International student mobility ‘even more important’ post EU vote

Referendum result is a ‘wake up call’ for UK universities on their relationship with the rest of Europe, conference hears                      

July 5, 2016
Globe and UK flag
Source: iStock

Universities must capitalise on the results of the European Union referendum by driving international student mobility and proving that the UK higher education sector is “tolerant and open-minded”.

That is the view of Anne Marie Graham, head of outward student mobility at the UK Higher Education International Unit, who said that currently the UK does not have a culture of mobility, in which students expect to go abroad as part of their studies.

She added: Mobility and internationalisation and being outward-looking is now the hottest political topic – if we capitalise on that then, who knows, we could be a genuinely outward-looking mobility-embedded higher education culture and thats what we should be aspiring to.

Speaking at a Westminster Higher Education Forum event on the future of the UK’s outward student mobility strategy on 5 July, Ms Graham said: “There are a lot of uncertainties at the moment, we have a lot of unanswered questions.

But for me there is one thing that is absolutely certain and that is that international mobility is even more important than it has been.
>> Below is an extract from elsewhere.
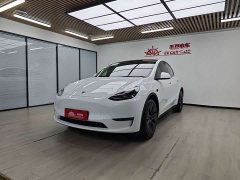 Tesla Model Y Long Range All-Wheel Drive - ფოტო 1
It has just gone right to the top of the list because we need our students to be internationally mobile, we need them to be ambassadors to the UK, we need them to go out there and show people that we don’t hate them, that we are open-minded, that we are tolerant, and that we are interested in other cultures.”

She added that she did not think the Brexit vote would have a short-term impact on UK universities’ partnerships with other European institutions.

“In the UK we have so many established partnerships between European universities, I think they are strong and they will want to continue,” she said.

Asked whether the referendum result would push UK universities to focus on collaborations with partners outside the EU, she said:  “There’s been a drive over the last several years anyway in terms of diversifying the number of countries UK universities partner with so I think that drive will continue.”

Ruth Sinclair-Jones, director of the Erasmus+ UK National Agency, who also spoke at the event, said that the referendum result would act as a “wake-up call” for institutions in the UK to evaluate their previous relationships with the rest of Europe.

She said one “important trend” for universities to “think about” is that the number of UK students going abroad during their degree is “low” compared with other large European countries with similar populations such as France, Germany and Spain.

She suggested this was due to students’ perceived language barriers, financial barriers and that it is “the exception rather than the norm” for UK students to spend time studying or working abroad. 

Asked whether there was a contingency plan in place if the UK is no longer able to participate in the Erasmus+ programme, she said: It is far too soon to be thinking about that at this stage.”

She added: “Our main message is that we carry on in 2016, we carry on in 2017, as we are now, but we are clearly having discussions with BIS [the UK government's Department for Business, Innovation and Skills] and the International Unit and we will have discussions with the [European] Commission about the future.

“If all of us work on that basis then the programme will be successful in the short term but also well-positioned to continue in the longer term.”